O sinal não aparece isolado. A LatamFintech publicou que, segundo o Círculo de Crédito, a taxa de fraude no setor de fintech subiu 64% em 2025 na comparação com 2024, passando de 2,2% para 3,6%. Nesse mesmo recorte regional, o Yahoo Notícias reproduziu uma nota que afirma que o fraude de identidade com IA chega a 48,3% dos casos na América Latina, com a CDMX concentrando 13,85% dos alertas de fraude.

O Economista do México publicou uma versão mais ampla desse dado e acrescentou que o fraude de identidade sintética com IA alcança 48,3% dos casos na América Latina. Segundo a nota, bancos e fintechs relatam aumento relevante nos pedidos de abertura de contas e de crédito com dados falsos misturados a informações reais extraídas de vazamentos de bases de dados.

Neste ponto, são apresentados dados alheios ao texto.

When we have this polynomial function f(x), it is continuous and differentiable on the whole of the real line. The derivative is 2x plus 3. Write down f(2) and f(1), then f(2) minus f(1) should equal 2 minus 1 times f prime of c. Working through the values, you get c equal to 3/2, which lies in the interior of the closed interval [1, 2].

O impacto em neobancos e fintechs

A nota do Economista detalha que os tentativas de fraude de identidade sintética afetam de forma desproporcional neobancos e fintechs de crédito ao consumo. O motivo, segundo a publicação, está nos processos de onboarding 100% digitais e na dependência de validações documentais e biométricas que podem ser burladas com deepfakes.

Na Colômbia, a ACIS descreveu outra frente de defesa que começa a ganhar espaço diante do fraude financeiro impulsionado por IA. A análise aponta que as instituições estão incorporando dados contextuais, como padrões de geolocalização, tipo de dispositivo, horários de uso e comportamento transacional histórico, como complemento da biometria.

A ACIS também informou que os modelos tradicionais de scoring e verificação de identidade na Colômbia estão sendo ajustados para detectar anomalias no contexto de operação, por exemplo, dispositivos novos ou localizações atípicas. A mudança responde ao aumento de fraudes cometidas com identidades sintéticas e credenciais roubadas por meio de campanhas automatizadas de phishing.